Viewed from the road, this desert park only hints at its vitality. Closer examination reveals a fascinating variety of plants and animals that make their home in this land shaped by strong winds, unpredictable torrents of rain, and climatic extremes. Dark night skies, a rich cultural history, and surreal geologic features add to the attraction of this place.
My best friend and I backpacked in Joshua Tree in 2012 in April when all the desert flowers were blooming and saw an endangered tortoise… and nearly died of heat exhaustion (that’s only half a joke), so don’t forget to pack in water!
This vast landscape does not contain any roads or trails. Visitors discover intact ecosystems where people have lived with the land for thousands of years. Wild rivers meander through glacier-carved valleys, caribou migrate along age-old trails, endless summer light fades into aurora-lit night skies of winter.

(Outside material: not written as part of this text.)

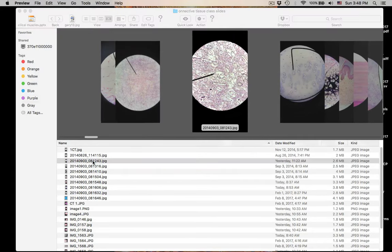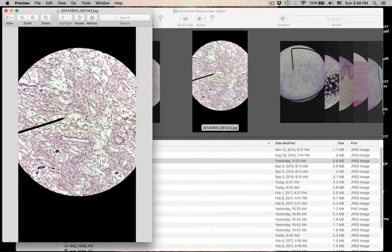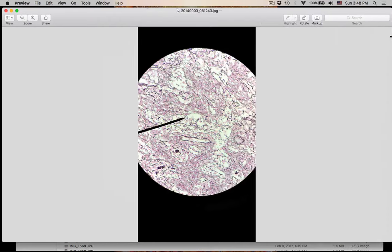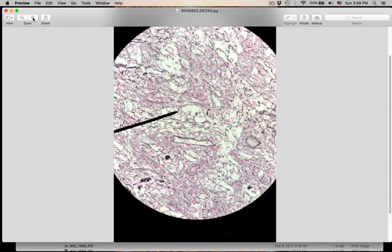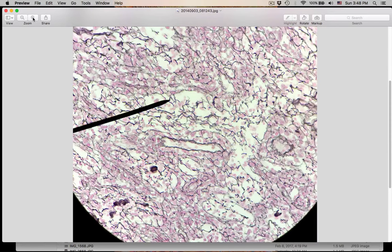Number three. This is so nice — this is a great one. What is the name of this connective tissue?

It remains virtually unchanged except by the forces of nature.
The same best friend with whom I hiked in Joshua Tree now lives in Alaska, where the largest national parks reside, including Gates of the Arctic. No roads or trails. No roads or trails whaaaaaaaat.
Water. That’s what first attracted people, and they have been coming here ever since to use these soothing thermal waters to heal and relax. Rich and poor alike came for the baths, and a thriving city built up around the hot springs. Together nicknamed “The American Spa,” Hot Springs National Park today surrounds the north end of the city of Hot Springs, Arkansas.
At the other end of the spectrum, Hot Springs National Park is the smallest national park by area in the United States. Originally created as Hot Springs Reservation in 1832, it was named a national park in 1921.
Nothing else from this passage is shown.